▶ [WHAT THE TASK REQUIRES]
The task requires repeating, word for word, the lines from the one with "kitchen featuring ceiling" through the end of the material, leaving out all pictures.
+++ THE DATA
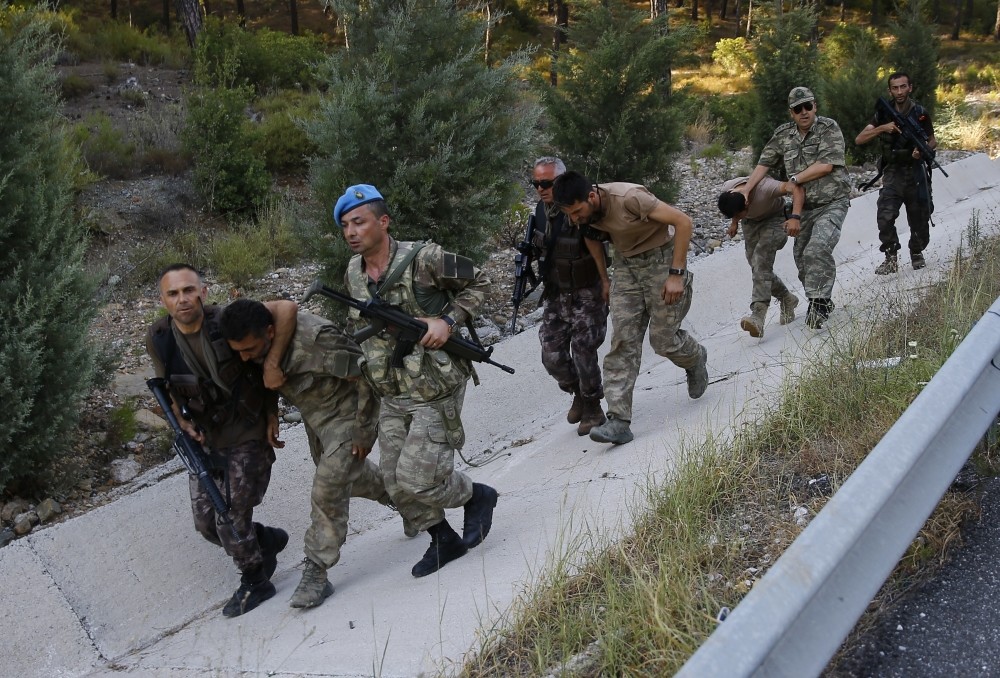 Soldiers and members of police's special forces unit accompany officers linked to the Gu00fclenist junta after their capture near the southwestern town of Marmaris last month.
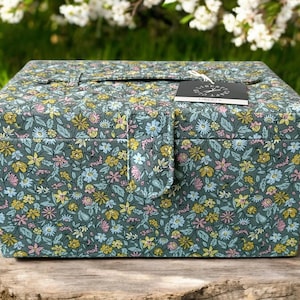 Op de afbeelding: Een vierkante doos met bloemenpatroon, een scharnierend deksel en een sluiting. De doos is bedekt met een stof met een donkergroene achtergrond en een patroon van kleine gele, roze en blauwe bloemen. Een label is bevestigd.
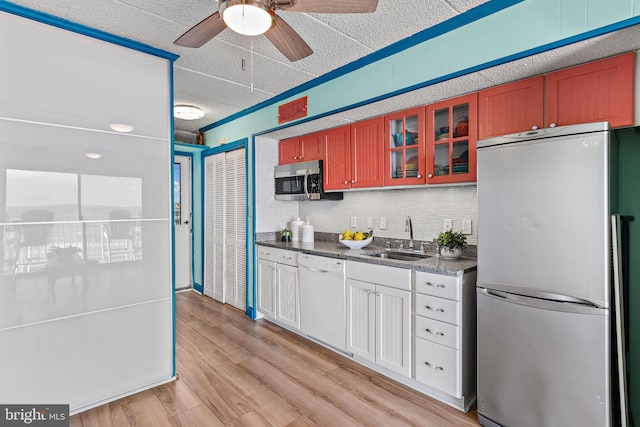 kitchen featuring ceiling fan, sink, light hardwood / wood-style floors, a textured ceiling, and appliances with stainless steel finishes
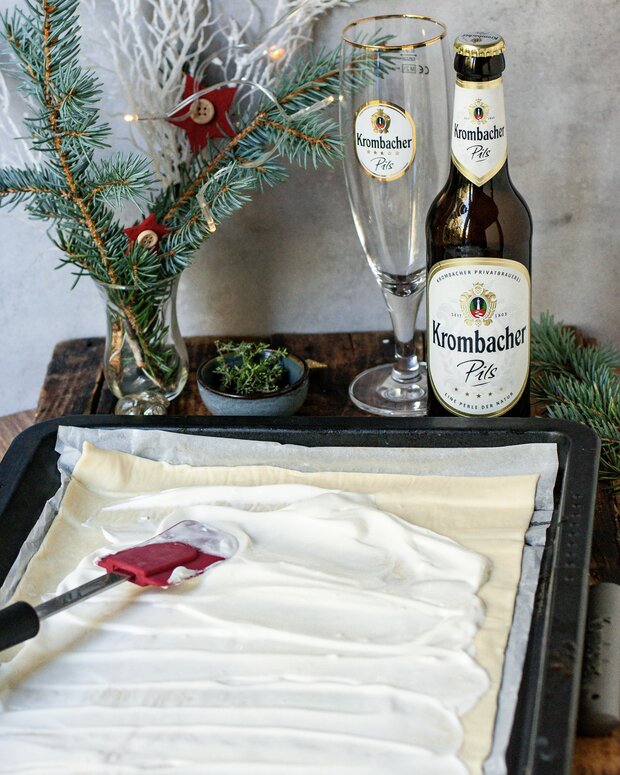 Ein Blech mit Blätterteig, auf dem eine weiße Creme verteilt wird.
++++++
▶ [YOUR RESPONSE]
 kitchen featuring ceiling fan, sink, light hardwood / wood-style floors, a textured ceiling, and appliances with stainless steel finishes
 Ein Blech mit Blätterteig, auf dem eine weiße Creme verteilt wird.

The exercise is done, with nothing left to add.